おっさん……もとい、「聖(ヒジリ)さん」が「不吉なこと」を言った。

言ったあとで「...なんてな」ってアンタ、誤魔化すなら上手く言おうよ。

何か行くの、止めたくなってきた。

 

 

 

 

もう一人の「友達」からの着信が鳴って言われた事にも、ちょっとムカついてたし。

 

 

 

 

 

...二人して先に来てるって、マジで?。

進路相談?。入院中の「先生」にするか、それ。

...ああ、そう。いいよもう。好きに言ってろ、ったく。

分かったって、急ぎます急ぎます。
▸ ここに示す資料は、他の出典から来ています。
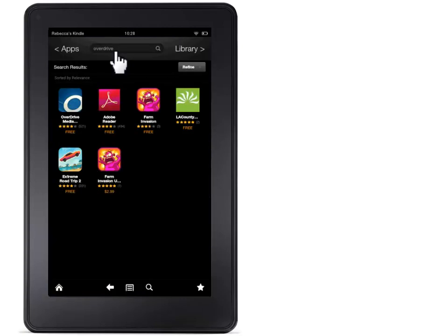Here is the OverDrive Media Console app. OverDrive Media Console is a free app. If you see an app called OverDrive that is not free, that is not the correct app. Touch on either the word Free or the picture of the app to continue.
じゃ、な。

 

 

 

   

 

 

 

   人混みと喧騒と他愛のない日常。

   今日も明日も明後日も。

   

   ずっと続くと信じた「それ」が全部、ぶっ壊れるまで。

   残り時間は、あと少し。

 

 

 

 

 

 

 

 

 

 

 

 

 

 




やっとここまできました。だいぶ端折った感は否めませんが。

古いプロットが台詞とモノローグばかりで、場面を忘れてるし。
公式の主人公の外観とイメージ、合わないかもしれません。